# BitFenix Ghost



## Darksaber (Sep 19, 2012)

The latest case from BitFenix aims to deliver a silent computing experience in combination with extensive cooling and a functional feature set. The unique paint job along with the sleek understated look do not give away much of what the chassis is capable of.

*Show full review*


----------



## Frick (Sep 26, 2012)

You know what? I like this more than the new Fractal Design Refine. Impressive feat!


----------



## Delta6326 (Sep 26, 2012)

I really like this case. Has a good look to it. 
I just wish someone would make it so you can take each 5.25" drive bay out individually that way you can fit things just right.


----------



## Phobia9651 (Sep 26, 2012)

I'm kind of surprised that they still stick to 120mm fans, since they even got 140mm in their own assortment.
The risk of shorting your mobo due to the lack of spacers is also a minus, which was wasn't mentioned in the conclusion.
Overall I do love the minimalistic and sleek looks of this case, but those points I mentioned included I'm surprised that the grade is so high. But is it me or is this becoming a trend on TPU?
And I do not intend to sound overly negative, since I do support the work of manufacturers like Bitfenix and Fractal Design.


----------



## brian111 (Sep 26, 2012)

It is a little odd that they go to the trouble of sound insulating the sides- and then leave the top open like that.  Perhaps they were intending to include some type of cover, but for whatever reason that decision was changed.  Anyway, I do like its looks.


----------



## Hustler (Sep 26, 2012)

nice case, but if I were in the market for a case right now, I really couldn't look further than the new Fractal R4...such an elegant,understated design that wont date one bit.


----------



## Frick (Sep 26, 2012)

Hustler said:


> nice case, but if I were in the market for a case right now, I really couldn't look further than the new Fractal R4...such an elegant,understated design that wont date one bit.

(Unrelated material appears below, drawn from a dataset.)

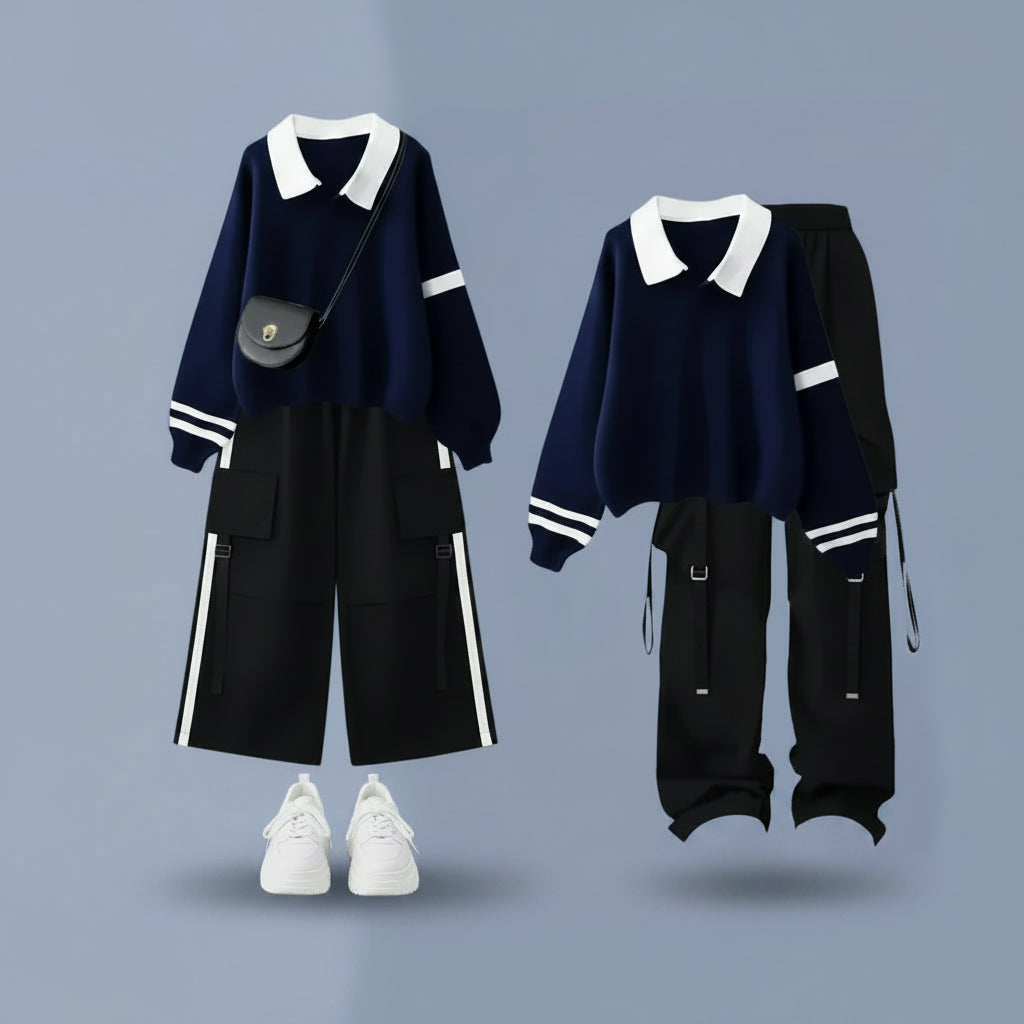 Spring Tracksuit Set Korean Elegant Fake Two-Piece Polo - Vusy Kawaii Shop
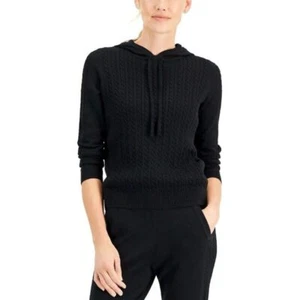 CHARTER CLUB Women Black Textured Hooded Long Sleeve Hoodie Sweater (Size L) NWT - Picture 1 of 1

same here usually but what makes this the better (imo) is the solid side. i dont like vent holes at the sides.


----------



## MGF Derp (Sep 27, 2012)

Similar chassis to Antec P280?


----------



## [H]@RD5TUFF (Sep 27, 2012)

Very nice I like it, man Bit Fenix is pumping out the hot cases lately.


----------



## Sherlock (Sep 27, 2012)

Frick said:


> same here usually but what makes this the better (imo) is the solid side. i dont like vent holes at the sides.




That vent hole on R4 is for people who want to cool their SLI GPUs, you could also get the windowed version with no vent holes. Plus it is blocked off if you don't need to mount a fan there.


----------



## Frick (Sep 27, 2012)

Sherlock said:


> That vent hole on R4 is for people who want to cool their SLI GPUs, you could also get the windowed version with no vent holes. Plus it is blocked off if you don't need to mount a fan there.



I know but still.. And no windows please, I dislike them even more.


----------



## Casecutter (Oct 1, 2012)

This is trying to straddle both something for quiet home/office/server/NAS, and then they configure it more as a full-on gaming chassis and that's where it falls flat!  

For me I see it as home/office, but the openings top vents and bottom mount PSU screws that.  Bottom PSU’s mean cleaning the filter  and most folk in pedestrian locations that can be hard to access, and nobody cleans them.  The top vents for a dual radiator, if not using them noise radiate out crap falls in.  While single radiator OEM system is admirable for low noise that really all you want, as if you’d OC brink in a home/office on a dual radiator is a bit over the top.  It can be a nice gaming box and that where it mostly shines, although as gaming machine it needs vitality, strength, a little pizazz.  I’m just not getting it? 

The biggest issue is the top facing I/O, USB, mounting, why is that so a rouge staple can catch in there and short-out everything, not just dust and anything else. I would be smart and have that as a module that could be switched/configure to face to the front or top if that what you want.  The other thing is it’s just flat, black, boring front.  For an office/server/NAS that’s great, but for a home use machine I’d like something more distinctive.  The door could use some off-setting trim in like gun-metal chrome, or carbon-fiber, brushed aluminum… something that provides it a distinct-unique character for various environments.


----------